DCMP has an accessible video for your students for every day of December, with topics ranging from Civil Rights to the Hubble Space Telescope.

  • December 1, 1955: The birth of the modern American Civil Rights Movement occurred as Rosa Parks was arrested in Montgomery, Alabama for refusing to give up her seat to a white man and move to the back section of a municipal bus.
  • December 2, 1804: Napoleon Bonaparte was crowned Emperor of France by Pope Pius VII in Paris.
  • December 3, 1857: Polish novelist Joseph Conrad was born in the Ukraine. He is best known for his tales of seafaring life including Heart of Darkness and Lord Jim.
  • December 4, 1791: The Observer, now the oldest Sunday newspaper in the world, was first published in Britain.

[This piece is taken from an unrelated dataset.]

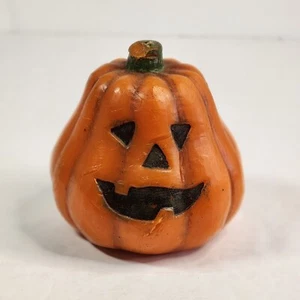 Vela calabaza vintage Jack o Lantern Halloween - Imagen 1 de 8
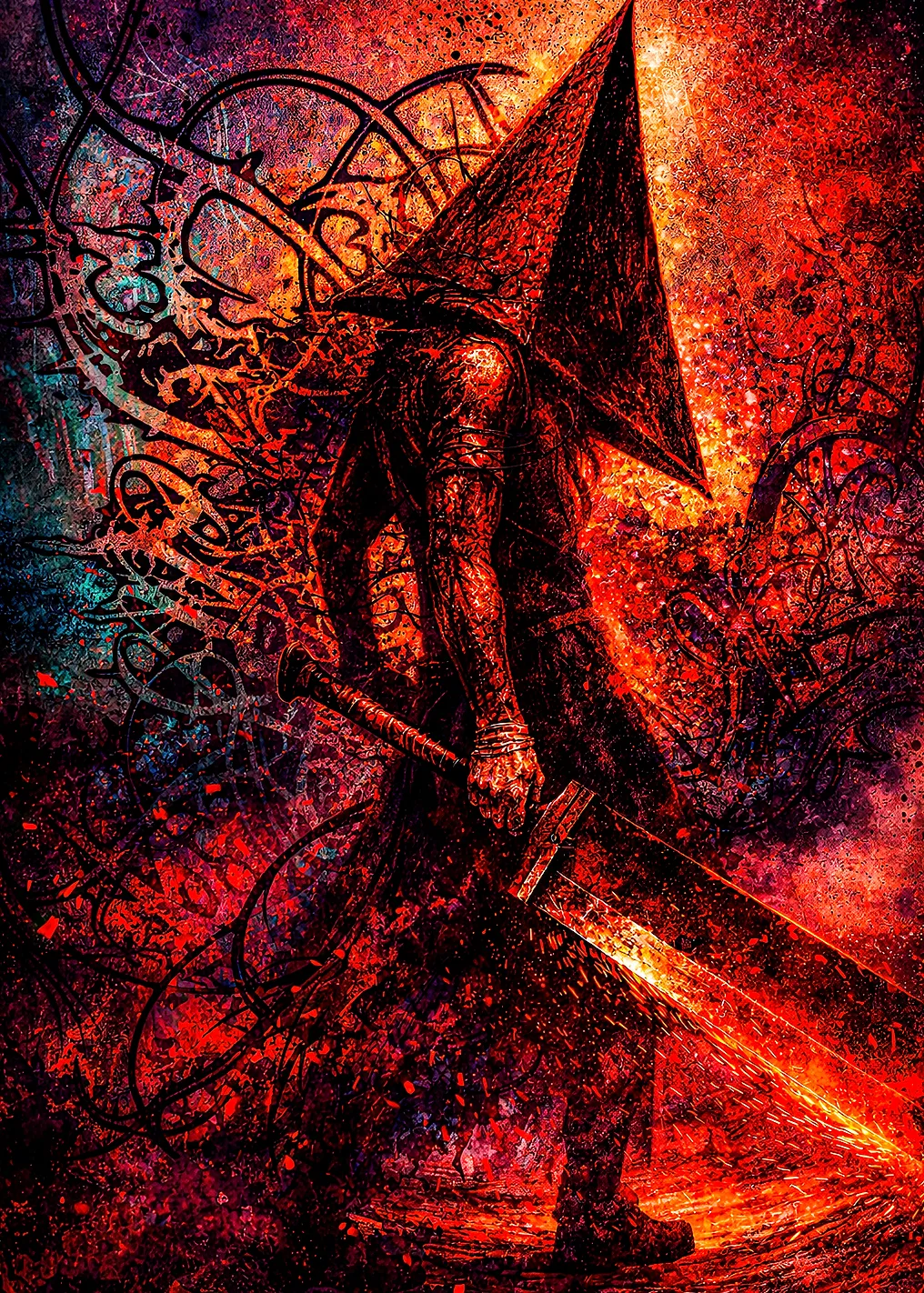 Pyramid Head with Great Blade - 9862849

  • December 5, 1492: Haiti was discovered by Christopher Columbus.
  • December 6, 1865: The 13th Amendment to the U.S. Constitution was ratified, abolishing slavery.
  • December 7, 1941: The U.S. Naval Base at Pearl Harbor, Hawaii, was attacked by nearly 200 Japanese aircraft.

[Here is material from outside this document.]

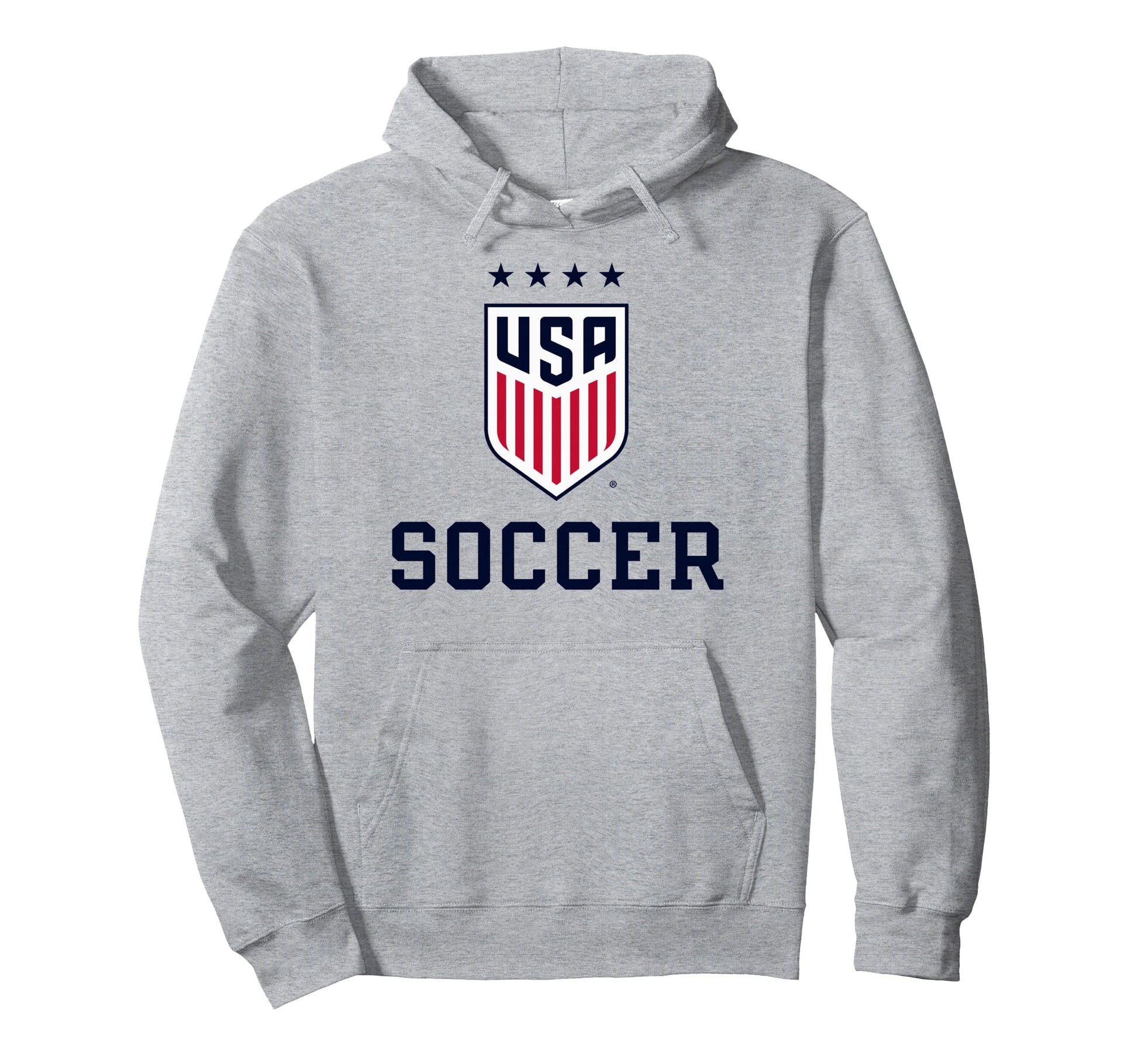 United States Soccer Icon Gray Uswnt Hoodie - Aesthetic Graphic Unisex - T-Shirt, Sweatshirt, Hoodie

  • December 8, 1765: Eli Whitney was born in Westborough, Massachusetts. His invention, the cotton gin, helped increase the production of cotton, and he also developed the concept of mass production of interchangeable parts and the assembly line.
  • December 9, 1993: Astronauts completed a five-day repair job in space on the Hubble Space Telescope.
  • December 10, 1785: Educator Thomas Gallaudet was born in Philadelphia, Pennsylvania. He cofounded the American School for the Deaf in Hartford, Connecticut in 1817.
  • December 11, 1901: The first transatlantic radio signal was transmitted by Guglielmo Marconi from Cornwall, England to St. John’s, Newfoundland.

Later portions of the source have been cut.